**Material for the task**
++++++++++

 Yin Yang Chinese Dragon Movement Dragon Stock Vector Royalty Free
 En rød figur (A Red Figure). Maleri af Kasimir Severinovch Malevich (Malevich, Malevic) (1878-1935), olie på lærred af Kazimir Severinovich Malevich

++++++++++

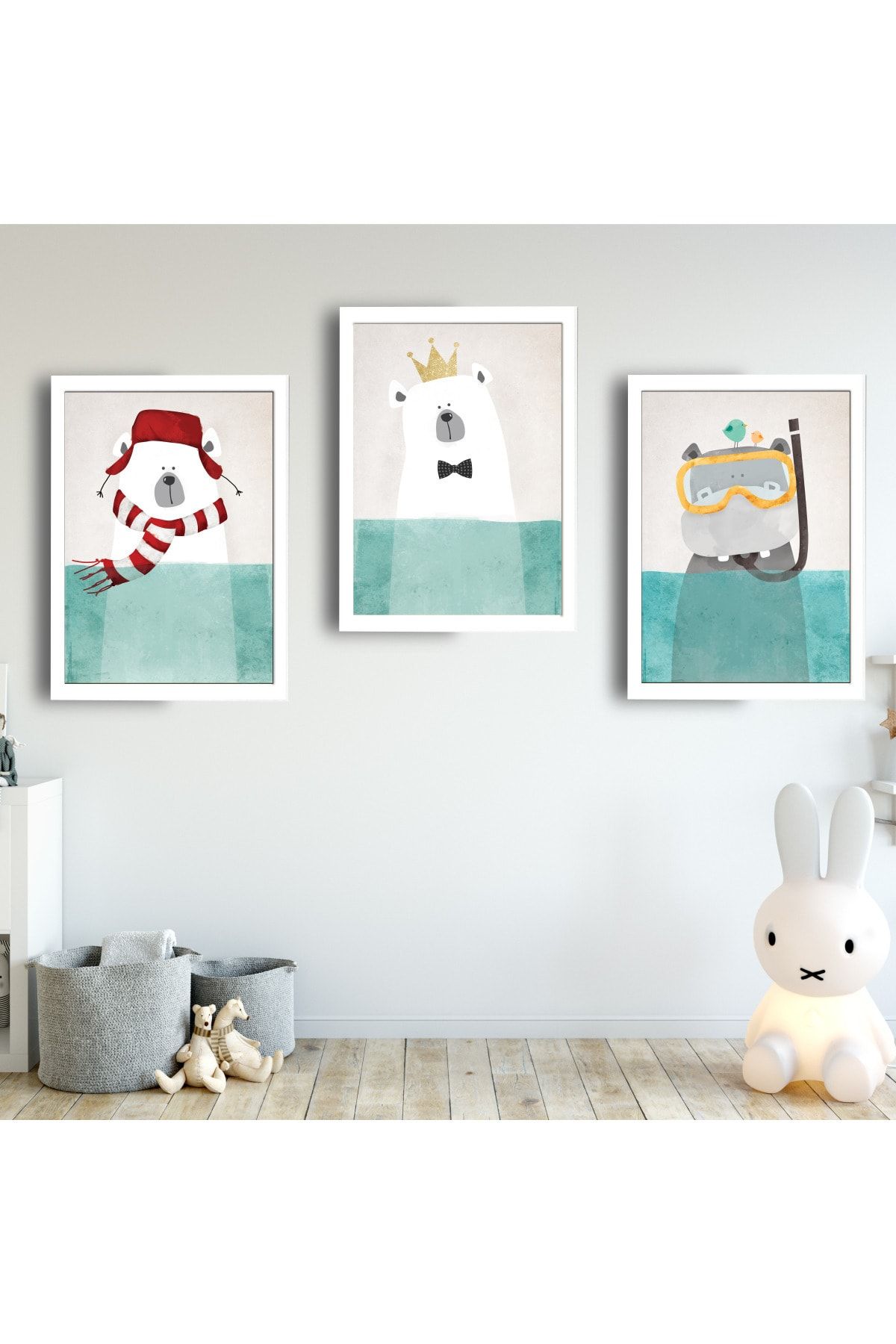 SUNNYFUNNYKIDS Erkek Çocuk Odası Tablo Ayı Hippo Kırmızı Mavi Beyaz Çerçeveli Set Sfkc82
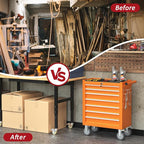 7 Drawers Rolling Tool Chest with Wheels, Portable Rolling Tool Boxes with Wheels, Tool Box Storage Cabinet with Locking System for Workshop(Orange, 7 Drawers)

++++++++++

**Task to carry out**
Scan the entries above for the line containing "Yin Yang Chinese", and copy it and all lines after it exactly, down to and including the line containing "En rød figur".

**Response area**
 Yin Yang Chinese Dragon Movement Dragon Stock Vector Royalty Free
 En rød figur (A Red Figure). Maleri af Kasimir Severinovch Malevich (Malevich, Malevic) (1878-1935), olie på lærred af Kazimir Severinovich Malevich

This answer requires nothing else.